Returning to the first anecdote, the aerodynamicist, once he sobered up, realised that the problem was a faulty analogy between bees and conventional fixed-wing aircraft. Bees’ wings are small relative to their bodies. If an airplane were built the same way, it would never take off. But bees aren’t like airplanes, they’re like helicopters (a bit). Their wings work on the same principle as helicopter blades – to be precise ‘reverse-pitch semirotary helicopter blades’. A moving airfoil, whether it’s a helicopter blade or a bee wing, generates a lot more lift than a stationary one.
Another challenge with bees wasn’t figuring out the aerodynamics but the mechanics: specifically, how bees can move their wings so fast – roughly 200 beats per second, which is 10 or 20 times the firing rate of the nervous system. The trick apparently is that the bee’s wing muscles (thorax muscles, actually) don’t expand and contract so much as vibrate, like a rubber band. A nerve impulse comes along and twangs the muscle, much as you might pluck a guitar string, and it vibrates the wing up and down a few times until the next impulse comes along.
I also need to mention dynamic stall – which sounds like an oxymoron (and possibly handy to know about if you are at a dinner party with a squiffy aerodynamicist) – its the effect that occurs when the wings change their angle of attack – ie they don’t just flap up and down, they also do some interesting gyrations. The rapid change can cause a strong vortex to be shed from the leading edge (front) of the wing, and travel backwards over and above the wing. The vortex, containing high-velocity airflows, briefly increases the lift produced by the wing. As soon as it passes behind the trailing edge (back), however, the lift reduces dramatically, and the wing is in normal stall.

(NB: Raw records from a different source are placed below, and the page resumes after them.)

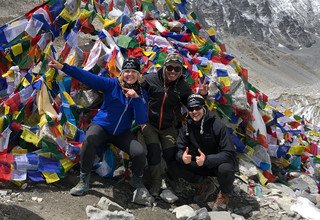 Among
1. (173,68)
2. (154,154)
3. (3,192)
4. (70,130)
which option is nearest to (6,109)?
(70,130)

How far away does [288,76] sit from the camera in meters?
93.8

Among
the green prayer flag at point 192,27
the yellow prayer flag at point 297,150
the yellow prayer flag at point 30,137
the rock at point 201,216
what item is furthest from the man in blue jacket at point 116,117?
the yellow prayer flag at point 297,150

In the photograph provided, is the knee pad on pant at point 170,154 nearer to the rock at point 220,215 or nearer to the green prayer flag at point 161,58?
the rock at point 220,215

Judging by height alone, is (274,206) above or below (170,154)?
below

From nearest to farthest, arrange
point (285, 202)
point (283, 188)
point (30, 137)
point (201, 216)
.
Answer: point (201, 216), point (30, 137), point (285, 202), point (283, 188)

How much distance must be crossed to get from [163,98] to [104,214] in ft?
6.01

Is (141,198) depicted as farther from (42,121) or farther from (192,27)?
(192,27)

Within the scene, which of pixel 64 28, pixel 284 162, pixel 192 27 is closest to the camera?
pixel 64 28

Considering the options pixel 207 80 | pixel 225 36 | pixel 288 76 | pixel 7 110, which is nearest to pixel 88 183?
pixel 7 110

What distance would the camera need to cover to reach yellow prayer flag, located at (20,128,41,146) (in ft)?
19.7

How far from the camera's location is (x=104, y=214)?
15.6 feet

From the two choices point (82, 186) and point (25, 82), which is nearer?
point (82, 186)

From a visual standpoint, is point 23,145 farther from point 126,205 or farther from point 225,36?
point 225,36

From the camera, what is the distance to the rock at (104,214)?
4.72 meters
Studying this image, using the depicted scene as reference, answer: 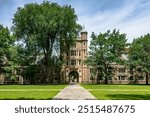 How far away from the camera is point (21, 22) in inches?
2360

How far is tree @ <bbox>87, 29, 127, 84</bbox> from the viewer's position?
222 ft

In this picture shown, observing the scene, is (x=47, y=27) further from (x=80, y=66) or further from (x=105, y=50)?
(x=80, y=66)

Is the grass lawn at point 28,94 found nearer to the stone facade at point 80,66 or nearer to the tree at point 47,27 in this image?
the tree at point 47,27

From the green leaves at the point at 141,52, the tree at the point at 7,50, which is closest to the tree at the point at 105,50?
the green leaves at the point at 141,52

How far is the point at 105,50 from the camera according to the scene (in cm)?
6788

Bumblebee flight is being studied using lasers and special cameras. Much remains to be done to understand it fully, but the manoeuverability and efficiency of bumblebee flight tells us that we need to better understand it to improve our own methods of flying.
My observation is that they are blinking difficult to capture on film, especially in flight – constantly on the move, whizzing hither and thither – too much dynamic and not enough stall for my purposes.

‘there is an art, or rather a knack to flying. The knack lies in learning how to throw yourself at the ground and miss’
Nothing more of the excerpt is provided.